**EXERCISE GOAL:** Copy out all of the data word for word. Omit every picture.

===== PROVIDED RECORDS =====

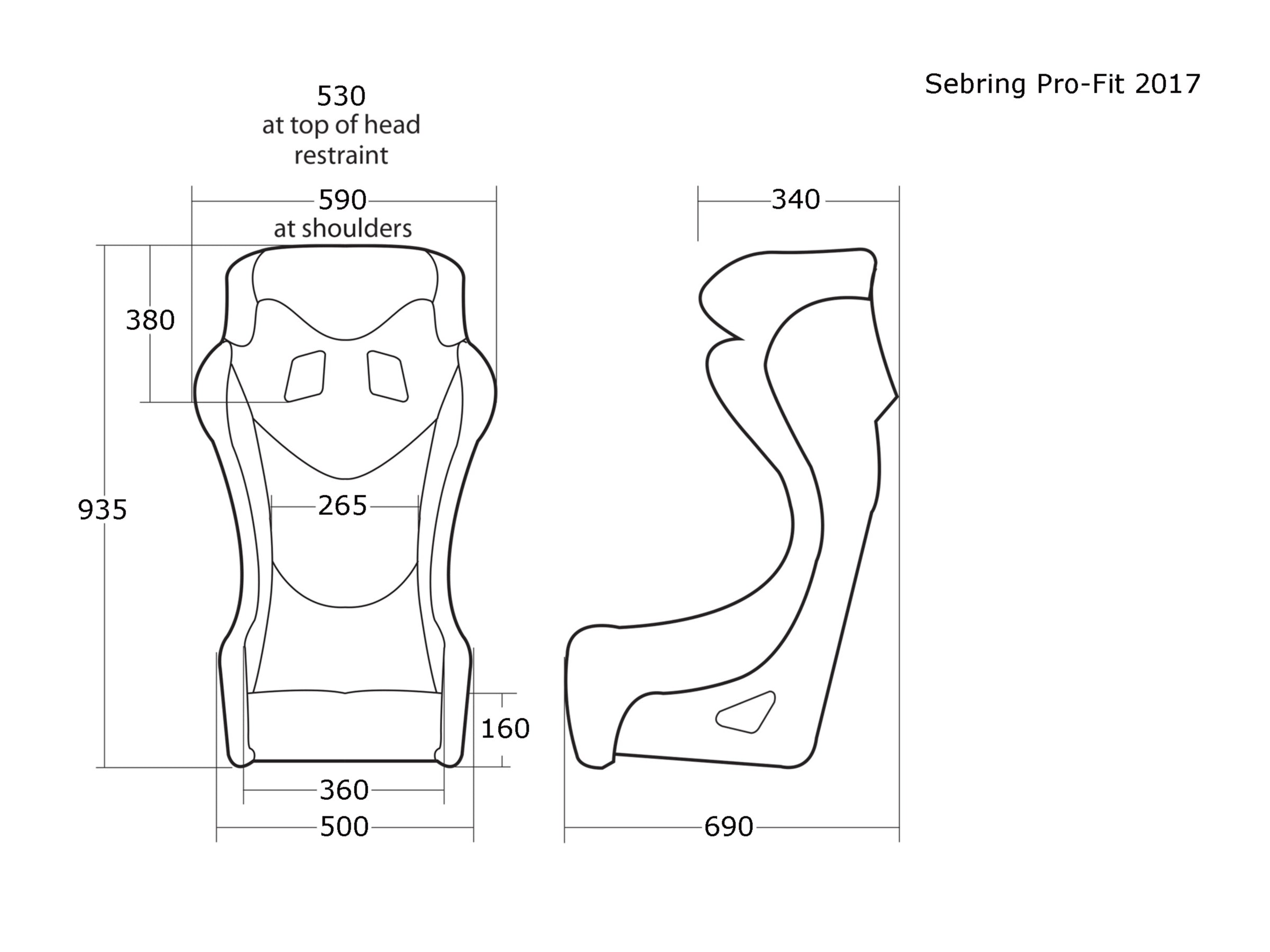 Cobra Sebring Profit GRP- FIA 8855-1999- Pro-Fit- Black Spacer Fabric all over
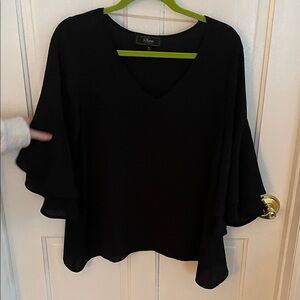 Elegant Black Ruffle Sleeve crepe Blouse size M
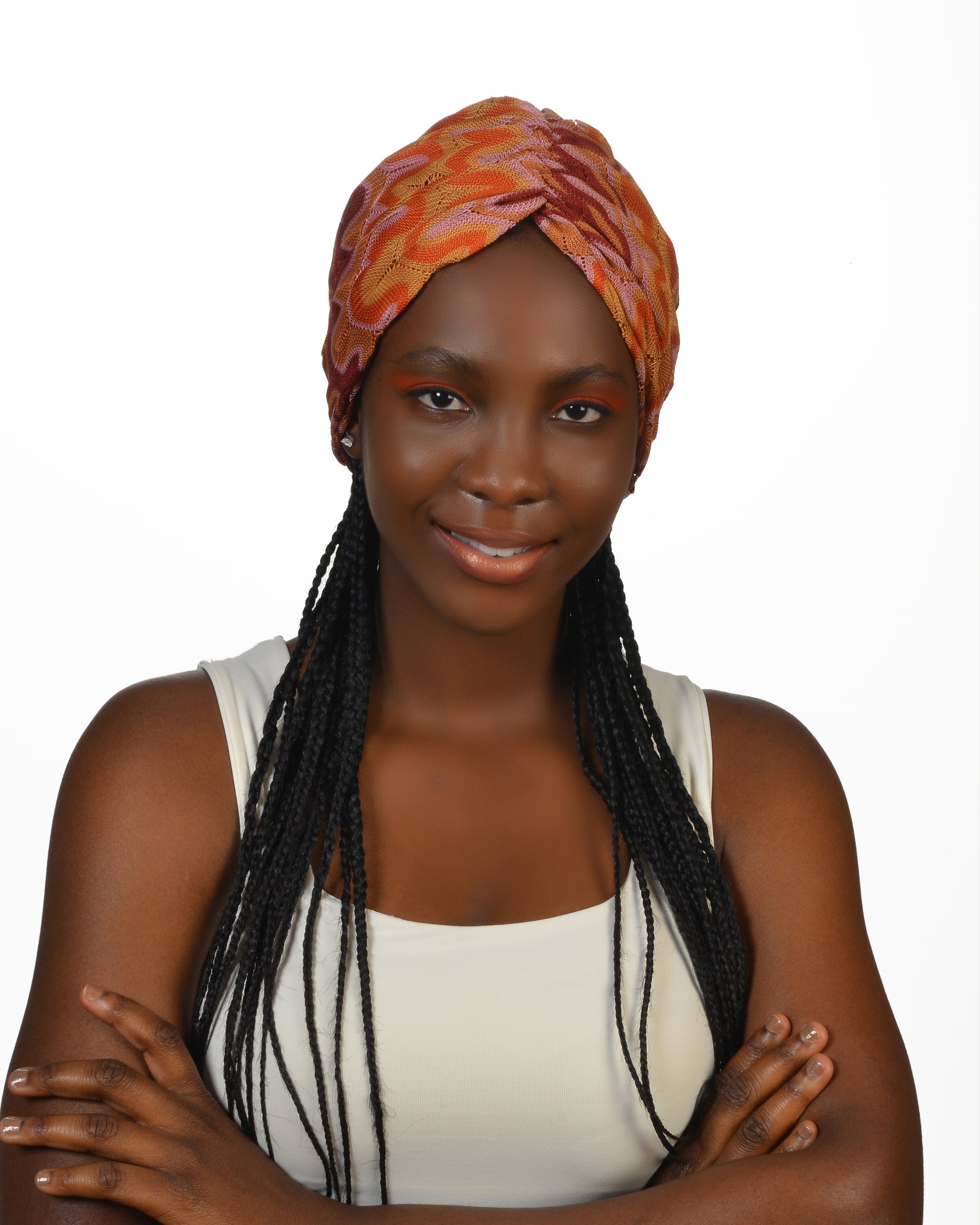 Suna Büzgülü Bone - Örme/Triko Kumaş - Çok Renkli/Turuncu - BitterColors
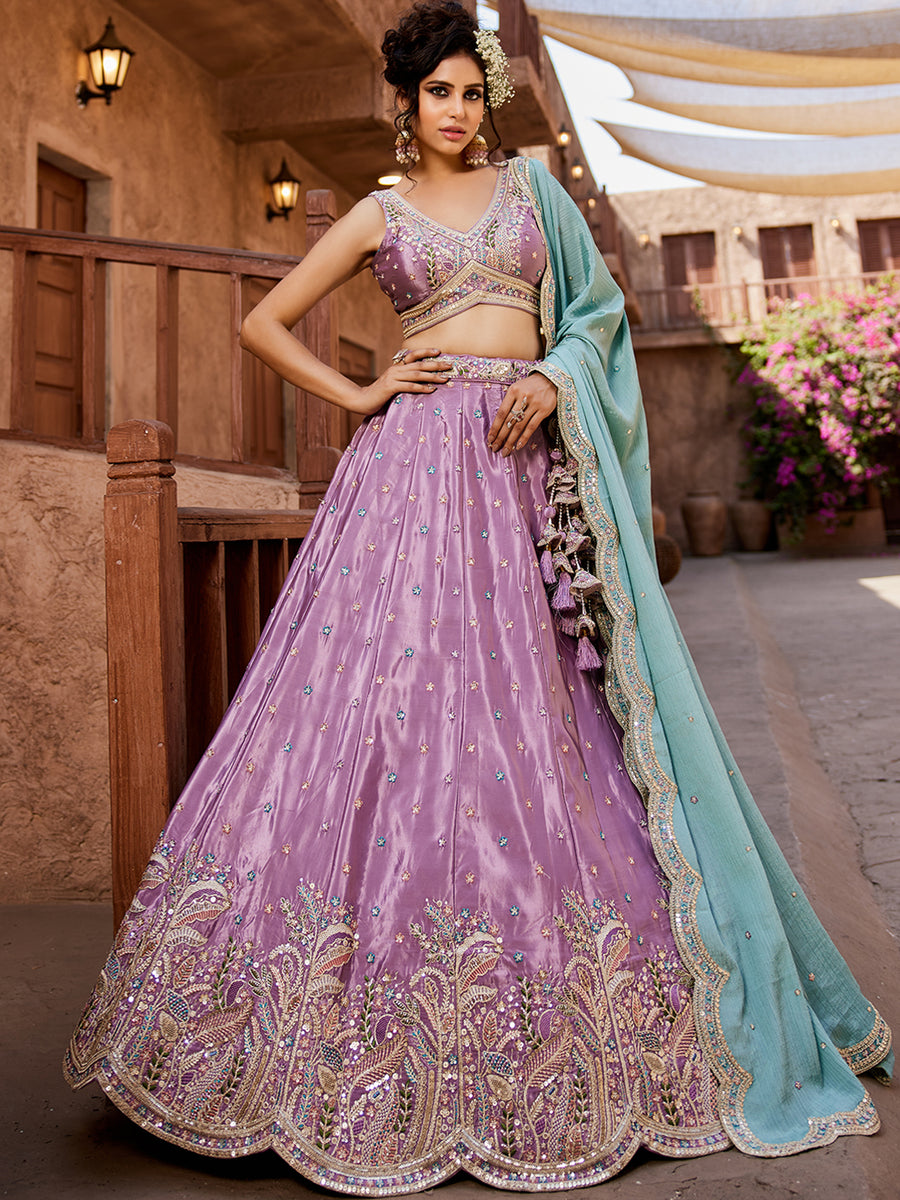 Satin Silk pink Fabric Sequins embroidery Semi-Stitched Lehenga choli & Dupatta lehenga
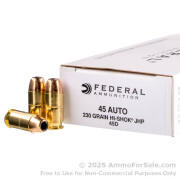 50 Rounds of 230gr JHP Hi-Shok .45 ACP Ammo by Federal Classic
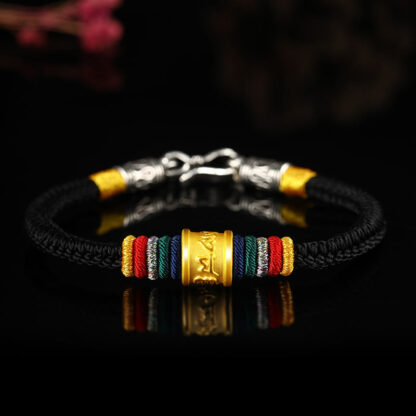 Buddha Stones Tibet 999 Gold Om Mani Padme Hum Handmade Eight Thread Peace Knot Luck Bracelet - 图片 20
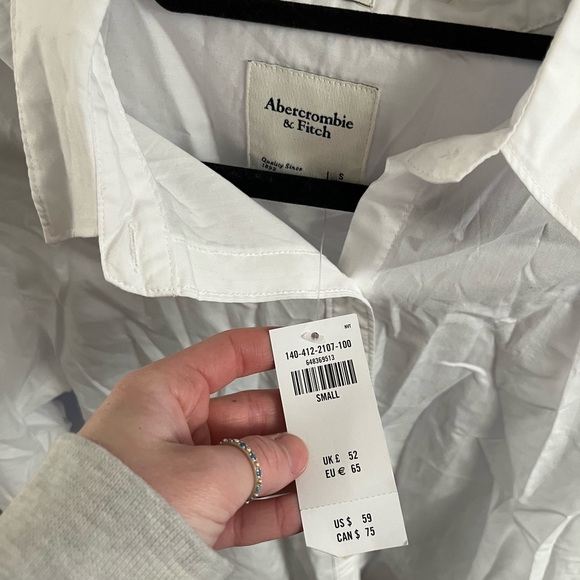 White oversized abercrombie button up top - Picture 4 of 10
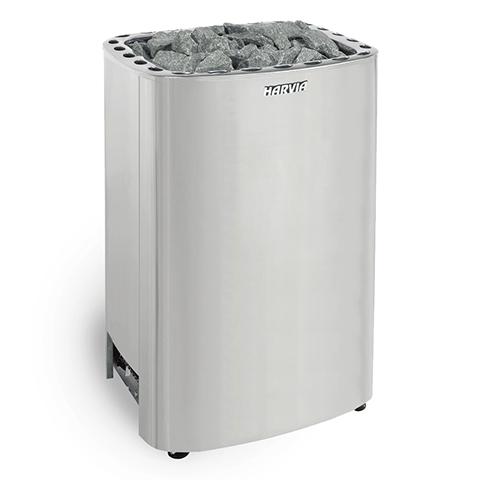 Stainless steel sauna heater with visible Harvia branding on a white background. Heavy-Duty Power for Large Commercial or Luxury Saunas The Harvia Club Series is the ultimate choice when you need continuous performance for group saunas, wellness centers, gyms, hotels, or large residential sanctuaries.Built in Finland and engineered for all-day use, the Club delivers abundant, gentle steam from morning till night.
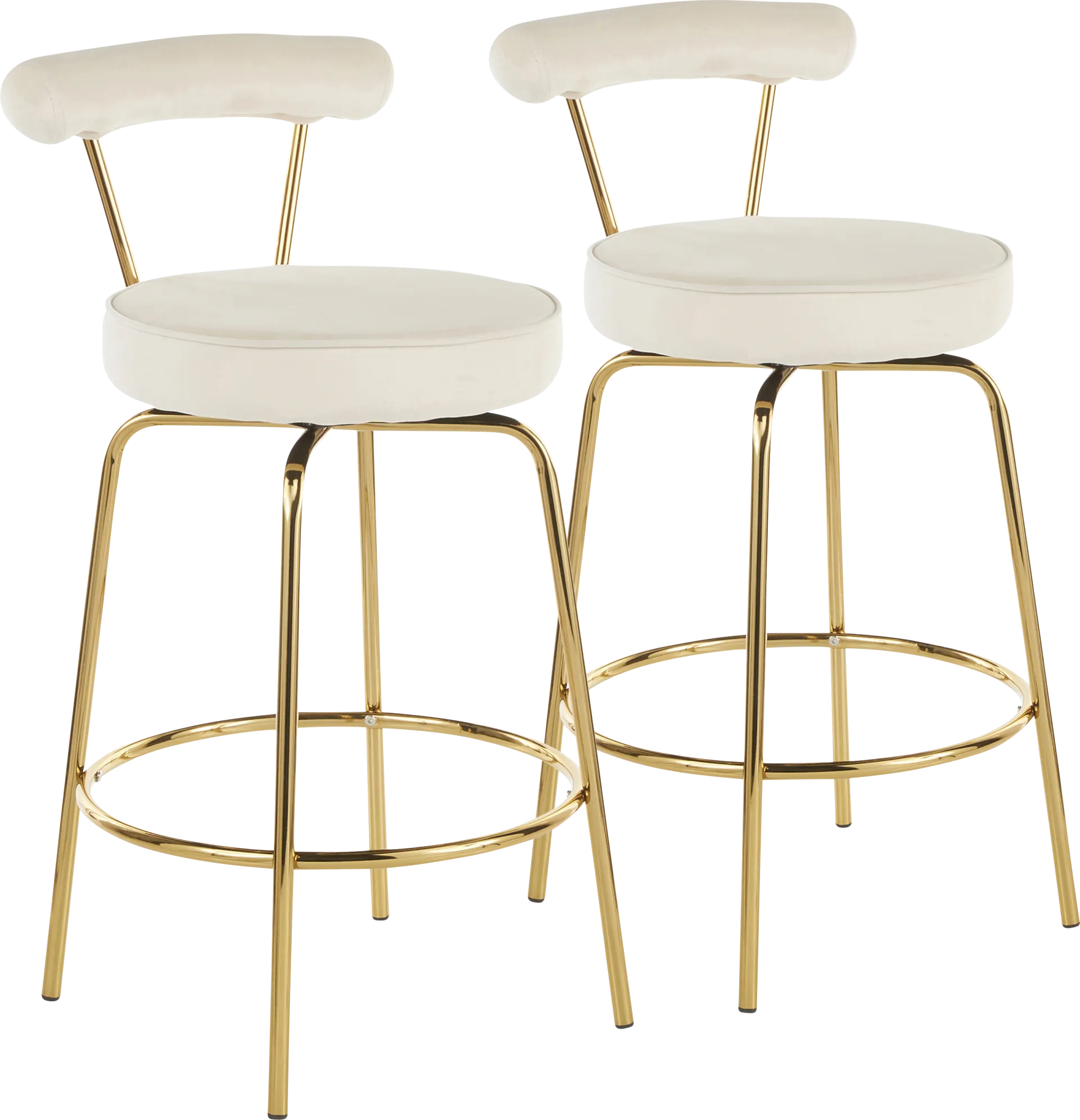 Rosiere Cream Counter Height Stool, Set of 2 - Image 1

=====

**SOLUTION FOR THIS PROBLEM:**
 Cobra Sebring Profit GRP- FIA 8855-1999- Pro-Fit- Black Spacer Fabric all over
 Elegant Black Ruffle Sleeve crepe Blouse size M
 Suna Büzgülü Bone - Örme/Triko Kumaş - Çok Renkli/Turuncu - BitterColors
 Satin Silk pink Fabric Sequins embroidery Semi-Stitched Lehenga choli & Dupatta lehenga
 50 Rounds of 230gr JHP Hi-Shok .45 ACP Ammo by Federal Classic
 Buddha Stones Tibet 999 Gold Om Mani Padme Hum Handmade Eight Thread Peace Knot Luck Bracelet - 图片 20
 White oversized abercrombie button up top - Picture 4 of 10
 Stainless steel sauna heater with visible Harvia branding on a white background. Heavy-Duty Power for Large Commercial or Luxury Saunas The Harvia Club Series is the ultimate choice when you need continuous performance for group saunas, wellness centers, gyms, hotels, or large residential sanctuaries.Built in Finland and engineered for all-day use, the Club delivers abundant, gentle steam from morning till night.
 Rosiere Cream Counter Height Stool, Set of 2 - Image 1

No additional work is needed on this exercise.